The new offering adds to the firm’s suite of tactically managed multi-asset products
Russell Investments Canada, which manages a portion of the global firm's $171 billion of assets, recently introduced its new Multi-Asset Income Strategy (MAIS) fund. It aims to provide investors with long-term capital growth while minimizing drawdowns.
According to the firm, MAIS aims for a long-term target via exposure to various asset classes, which include equities, fixed income, real assets, and absolute return portfolio segments. Through adjustments in the portfolio’s asset allocation, strategies, and exposures, the fund managers are able to control risks and take advantage of market opportunities.

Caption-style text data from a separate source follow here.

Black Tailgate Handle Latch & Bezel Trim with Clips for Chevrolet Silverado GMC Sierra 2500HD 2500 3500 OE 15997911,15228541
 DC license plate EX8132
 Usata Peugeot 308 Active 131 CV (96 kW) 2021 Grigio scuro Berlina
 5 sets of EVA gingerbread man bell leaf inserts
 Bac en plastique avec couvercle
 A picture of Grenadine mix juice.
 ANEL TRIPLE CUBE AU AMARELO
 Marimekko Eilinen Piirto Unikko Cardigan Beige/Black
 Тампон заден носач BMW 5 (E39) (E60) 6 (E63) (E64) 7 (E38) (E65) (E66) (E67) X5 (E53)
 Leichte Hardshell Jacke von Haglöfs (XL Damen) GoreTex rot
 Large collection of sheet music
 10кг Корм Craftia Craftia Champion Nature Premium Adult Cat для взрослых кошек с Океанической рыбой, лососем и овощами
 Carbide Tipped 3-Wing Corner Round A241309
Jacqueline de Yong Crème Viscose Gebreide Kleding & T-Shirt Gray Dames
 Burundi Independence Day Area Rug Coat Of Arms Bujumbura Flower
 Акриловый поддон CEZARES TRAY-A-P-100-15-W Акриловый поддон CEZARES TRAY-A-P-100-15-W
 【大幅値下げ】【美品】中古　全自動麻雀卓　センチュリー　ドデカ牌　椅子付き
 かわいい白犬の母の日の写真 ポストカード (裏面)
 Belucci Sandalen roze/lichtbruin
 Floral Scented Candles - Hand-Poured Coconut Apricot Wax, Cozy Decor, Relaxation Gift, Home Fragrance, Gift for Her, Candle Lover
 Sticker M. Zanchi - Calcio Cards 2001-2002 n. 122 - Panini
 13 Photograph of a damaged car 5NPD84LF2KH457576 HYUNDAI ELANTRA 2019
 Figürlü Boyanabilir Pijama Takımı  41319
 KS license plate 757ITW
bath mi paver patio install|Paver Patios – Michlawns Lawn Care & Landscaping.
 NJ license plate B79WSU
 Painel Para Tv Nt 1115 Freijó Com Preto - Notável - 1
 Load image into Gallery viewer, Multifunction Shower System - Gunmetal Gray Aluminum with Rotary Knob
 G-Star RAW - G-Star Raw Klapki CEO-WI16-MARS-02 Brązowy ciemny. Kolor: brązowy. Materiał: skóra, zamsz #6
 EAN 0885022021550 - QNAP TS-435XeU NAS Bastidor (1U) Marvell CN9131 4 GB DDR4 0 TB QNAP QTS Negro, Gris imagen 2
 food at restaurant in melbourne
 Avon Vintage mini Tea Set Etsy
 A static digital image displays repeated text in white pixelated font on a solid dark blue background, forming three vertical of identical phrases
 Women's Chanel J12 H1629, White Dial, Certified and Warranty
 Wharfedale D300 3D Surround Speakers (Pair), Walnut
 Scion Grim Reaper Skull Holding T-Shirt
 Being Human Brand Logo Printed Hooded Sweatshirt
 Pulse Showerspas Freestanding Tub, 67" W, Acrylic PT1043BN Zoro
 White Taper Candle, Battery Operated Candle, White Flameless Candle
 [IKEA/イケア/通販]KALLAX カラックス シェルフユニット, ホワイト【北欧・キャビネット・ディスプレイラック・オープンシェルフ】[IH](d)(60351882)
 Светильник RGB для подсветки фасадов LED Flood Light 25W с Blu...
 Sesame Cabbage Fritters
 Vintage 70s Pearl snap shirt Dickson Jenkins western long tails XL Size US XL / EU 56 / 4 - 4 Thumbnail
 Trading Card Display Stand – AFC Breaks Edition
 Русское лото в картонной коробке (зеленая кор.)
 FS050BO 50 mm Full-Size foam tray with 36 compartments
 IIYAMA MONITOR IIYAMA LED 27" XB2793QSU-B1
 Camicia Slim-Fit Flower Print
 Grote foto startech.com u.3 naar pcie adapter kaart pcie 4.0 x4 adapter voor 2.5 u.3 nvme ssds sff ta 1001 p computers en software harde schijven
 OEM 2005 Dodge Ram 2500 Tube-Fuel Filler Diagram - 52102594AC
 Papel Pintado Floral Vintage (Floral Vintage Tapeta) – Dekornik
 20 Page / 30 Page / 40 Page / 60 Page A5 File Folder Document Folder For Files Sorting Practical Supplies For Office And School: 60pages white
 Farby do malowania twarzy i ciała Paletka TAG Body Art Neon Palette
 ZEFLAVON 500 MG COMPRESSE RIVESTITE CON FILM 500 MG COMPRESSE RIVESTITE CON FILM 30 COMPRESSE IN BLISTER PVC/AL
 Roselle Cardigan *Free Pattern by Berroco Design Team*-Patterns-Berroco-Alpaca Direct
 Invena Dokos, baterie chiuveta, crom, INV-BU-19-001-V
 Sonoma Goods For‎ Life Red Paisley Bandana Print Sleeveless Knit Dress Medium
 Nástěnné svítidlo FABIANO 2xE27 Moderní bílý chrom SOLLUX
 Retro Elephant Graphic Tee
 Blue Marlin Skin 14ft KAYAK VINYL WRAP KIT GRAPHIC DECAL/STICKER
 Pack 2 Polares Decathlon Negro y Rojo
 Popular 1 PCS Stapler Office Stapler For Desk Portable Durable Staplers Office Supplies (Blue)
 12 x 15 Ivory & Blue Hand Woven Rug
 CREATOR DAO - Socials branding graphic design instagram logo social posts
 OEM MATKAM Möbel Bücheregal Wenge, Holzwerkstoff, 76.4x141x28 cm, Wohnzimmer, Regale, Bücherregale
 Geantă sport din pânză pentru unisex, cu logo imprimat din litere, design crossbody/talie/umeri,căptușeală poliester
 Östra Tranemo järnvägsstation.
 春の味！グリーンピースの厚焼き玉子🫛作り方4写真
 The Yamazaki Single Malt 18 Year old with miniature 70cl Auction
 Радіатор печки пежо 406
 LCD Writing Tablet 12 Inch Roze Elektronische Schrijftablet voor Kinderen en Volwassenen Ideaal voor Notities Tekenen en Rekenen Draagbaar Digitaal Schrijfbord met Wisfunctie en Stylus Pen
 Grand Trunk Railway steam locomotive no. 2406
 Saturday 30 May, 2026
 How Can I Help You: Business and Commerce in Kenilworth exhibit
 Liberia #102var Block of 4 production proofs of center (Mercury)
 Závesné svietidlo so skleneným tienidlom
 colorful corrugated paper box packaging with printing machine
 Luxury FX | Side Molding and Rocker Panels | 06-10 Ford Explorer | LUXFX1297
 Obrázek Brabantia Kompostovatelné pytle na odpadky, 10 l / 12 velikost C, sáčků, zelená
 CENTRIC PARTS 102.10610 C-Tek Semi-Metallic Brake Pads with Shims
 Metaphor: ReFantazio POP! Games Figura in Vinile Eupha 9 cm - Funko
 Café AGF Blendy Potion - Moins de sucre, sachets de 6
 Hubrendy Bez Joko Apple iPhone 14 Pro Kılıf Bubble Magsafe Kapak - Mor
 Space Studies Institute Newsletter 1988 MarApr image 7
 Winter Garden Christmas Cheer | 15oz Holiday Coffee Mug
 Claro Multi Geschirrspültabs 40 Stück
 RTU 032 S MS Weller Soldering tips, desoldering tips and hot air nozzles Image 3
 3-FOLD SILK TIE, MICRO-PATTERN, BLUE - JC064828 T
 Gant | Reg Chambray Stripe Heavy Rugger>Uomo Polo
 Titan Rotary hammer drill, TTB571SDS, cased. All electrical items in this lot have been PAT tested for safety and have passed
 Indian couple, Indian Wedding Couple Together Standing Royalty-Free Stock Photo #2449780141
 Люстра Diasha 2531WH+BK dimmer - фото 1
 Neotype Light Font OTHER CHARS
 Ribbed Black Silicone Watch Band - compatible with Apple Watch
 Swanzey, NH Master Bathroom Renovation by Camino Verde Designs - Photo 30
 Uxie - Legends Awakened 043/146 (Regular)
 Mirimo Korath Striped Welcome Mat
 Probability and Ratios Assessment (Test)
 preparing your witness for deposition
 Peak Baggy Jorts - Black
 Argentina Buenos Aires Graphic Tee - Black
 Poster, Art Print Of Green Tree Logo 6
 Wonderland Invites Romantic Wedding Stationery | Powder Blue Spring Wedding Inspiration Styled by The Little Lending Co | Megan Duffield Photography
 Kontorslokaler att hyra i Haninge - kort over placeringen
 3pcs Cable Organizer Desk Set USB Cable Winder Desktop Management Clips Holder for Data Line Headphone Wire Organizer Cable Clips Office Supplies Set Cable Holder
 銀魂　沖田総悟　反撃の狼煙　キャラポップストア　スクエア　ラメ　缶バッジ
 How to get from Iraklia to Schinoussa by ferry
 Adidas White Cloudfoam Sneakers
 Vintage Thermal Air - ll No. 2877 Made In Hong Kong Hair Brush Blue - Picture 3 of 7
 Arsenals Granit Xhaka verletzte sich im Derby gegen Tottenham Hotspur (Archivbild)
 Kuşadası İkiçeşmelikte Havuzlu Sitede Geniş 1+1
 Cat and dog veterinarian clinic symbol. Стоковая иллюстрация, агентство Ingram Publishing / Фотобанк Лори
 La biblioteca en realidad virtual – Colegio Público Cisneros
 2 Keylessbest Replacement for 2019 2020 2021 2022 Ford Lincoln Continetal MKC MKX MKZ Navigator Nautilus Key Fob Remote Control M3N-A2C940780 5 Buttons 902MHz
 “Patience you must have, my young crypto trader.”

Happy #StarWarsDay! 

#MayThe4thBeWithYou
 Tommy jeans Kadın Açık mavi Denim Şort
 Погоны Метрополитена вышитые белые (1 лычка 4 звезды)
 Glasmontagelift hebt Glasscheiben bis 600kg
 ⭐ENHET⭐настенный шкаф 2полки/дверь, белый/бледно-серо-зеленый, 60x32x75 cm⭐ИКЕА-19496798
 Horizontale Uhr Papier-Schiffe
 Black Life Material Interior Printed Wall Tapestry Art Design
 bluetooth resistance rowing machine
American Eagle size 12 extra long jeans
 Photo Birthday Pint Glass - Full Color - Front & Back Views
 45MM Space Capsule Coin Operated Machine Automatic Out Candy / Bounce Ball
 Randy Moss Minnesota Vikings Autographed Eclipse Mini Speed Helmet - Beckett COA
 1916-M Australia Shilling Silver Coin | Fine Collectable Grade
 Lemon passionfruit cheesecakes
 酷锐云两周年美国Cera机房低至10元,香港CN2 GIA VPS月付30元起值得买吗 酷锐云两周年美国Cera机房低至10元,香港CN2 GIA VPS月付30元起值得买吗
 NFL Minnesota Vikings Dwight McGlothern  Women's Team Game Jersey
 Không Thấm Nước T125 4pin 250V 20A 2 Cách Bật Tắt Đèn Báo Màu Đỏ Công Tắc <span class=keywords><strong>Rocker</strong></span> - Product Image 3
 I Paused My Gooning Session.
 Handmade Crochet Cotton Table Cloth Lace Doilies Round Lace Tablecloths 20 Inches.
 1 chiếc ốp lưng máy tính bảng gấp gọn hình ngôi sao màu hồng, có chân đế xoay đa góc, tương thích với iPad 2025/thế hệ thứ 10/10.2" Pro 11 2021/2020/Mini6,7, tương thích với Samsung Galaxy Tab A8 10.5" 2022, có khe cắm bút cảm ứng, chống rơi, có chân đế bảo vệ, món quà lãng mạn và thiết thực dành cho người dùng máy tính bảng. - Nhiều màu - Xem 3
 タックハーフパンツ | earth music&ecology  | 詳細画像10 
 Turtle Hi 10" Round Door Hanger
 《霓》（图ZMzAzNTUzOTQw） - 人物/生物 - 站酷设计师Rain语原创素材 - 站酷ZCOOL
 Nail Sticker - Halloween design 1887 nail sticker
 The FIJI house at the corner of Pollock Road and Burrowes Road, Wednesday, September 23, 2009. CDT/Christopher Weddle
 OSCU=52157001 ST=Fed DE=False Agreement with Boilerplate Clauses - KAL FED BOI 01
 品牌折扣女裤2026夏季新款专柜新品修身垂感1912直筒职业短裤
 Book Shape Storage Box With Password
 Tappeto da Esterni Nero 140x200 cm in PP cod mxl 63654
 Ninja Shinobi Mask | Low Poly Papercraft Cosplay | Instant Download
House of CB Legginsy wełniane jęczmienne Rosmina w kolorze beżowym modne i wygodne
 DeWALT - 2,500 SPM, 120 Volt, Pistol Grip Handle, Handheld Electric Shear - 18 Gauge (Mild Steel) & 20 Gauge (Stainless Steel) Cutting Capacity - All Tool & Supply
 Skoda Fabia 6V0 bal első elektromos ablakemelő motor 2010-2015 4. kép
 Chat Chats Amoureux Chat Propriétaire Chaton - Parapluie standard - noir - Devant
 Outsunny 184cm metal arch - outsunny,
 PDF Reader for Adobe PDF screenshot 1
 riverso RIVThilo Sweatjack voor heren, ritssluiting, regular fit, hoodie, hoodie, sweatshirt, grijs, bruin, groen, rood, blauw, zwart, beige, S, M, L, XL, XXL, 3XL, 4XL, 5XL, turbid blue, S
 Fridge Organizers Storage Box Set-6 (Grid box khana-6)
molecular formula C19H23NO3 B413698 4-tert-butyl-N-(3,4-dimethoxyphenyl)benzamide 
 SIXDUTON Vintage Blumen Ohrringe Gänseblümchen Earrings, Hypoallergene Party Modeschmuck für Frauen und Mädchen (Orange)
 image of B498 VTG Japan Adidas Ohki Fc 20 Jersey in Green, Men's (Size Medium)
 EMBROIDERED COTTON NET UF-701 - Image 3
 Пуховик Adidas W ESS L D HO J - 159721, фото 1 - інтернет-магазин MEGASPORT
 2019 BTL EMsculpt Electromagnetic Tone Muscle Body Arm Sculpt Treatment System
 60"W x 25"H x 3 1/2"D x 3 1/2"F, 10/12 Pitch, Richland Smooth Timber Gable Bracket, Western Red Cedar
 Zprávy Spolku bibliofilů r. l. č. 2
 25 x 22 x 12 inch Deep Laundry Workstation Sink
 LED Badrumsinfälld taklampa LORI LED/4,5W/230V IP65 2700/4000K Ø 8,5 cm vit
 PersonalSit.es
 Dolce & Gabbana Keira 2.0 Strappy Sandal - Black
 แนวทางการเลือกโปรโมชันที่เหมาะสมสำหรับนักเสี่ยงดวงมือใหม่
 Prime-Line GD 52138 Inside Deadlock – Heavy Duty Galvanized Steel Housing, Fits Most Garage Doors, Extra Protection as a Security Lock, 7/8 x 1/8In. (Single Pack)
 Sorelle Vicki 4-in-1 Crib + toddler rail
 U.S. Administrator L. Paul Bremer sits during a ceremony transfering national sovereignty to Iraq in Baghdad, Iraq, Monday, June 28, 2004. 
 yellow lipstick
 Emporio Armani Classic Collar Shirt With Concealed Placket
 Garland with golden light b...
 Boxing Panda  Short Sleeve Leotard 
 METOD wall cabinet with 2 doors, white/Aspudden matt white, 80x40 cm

In response to high equity valuations, the potential for greater market risk, uncertainty in US government policies, and lower expected long-term returns, Russell Investments Canada has also made asset allocation changes to its Multi-Asset Income Strategy, Multi-Asset Growth & Income and Multi-Asset Growth Strategy funds.
“Overall, the changes increase exposure to non-domestic markets, defensive equities, and non-traditional asset classes such as commodities," said Greg Nott, chief investment officer and senior portfolio manager for Canada. He also said that the firm has added new fixed-income assets such as real-return bonds, convertible bonds, and emerging-markets bonds.
According to Russell Investments Canada President David Steele, the firm’s multi-asset portfolios differ from typical balanced funds. Aside from offering exposure to infrastructure, commodities, and other non-traditional asset classes, they are focused on outcomes rather than benchmarks.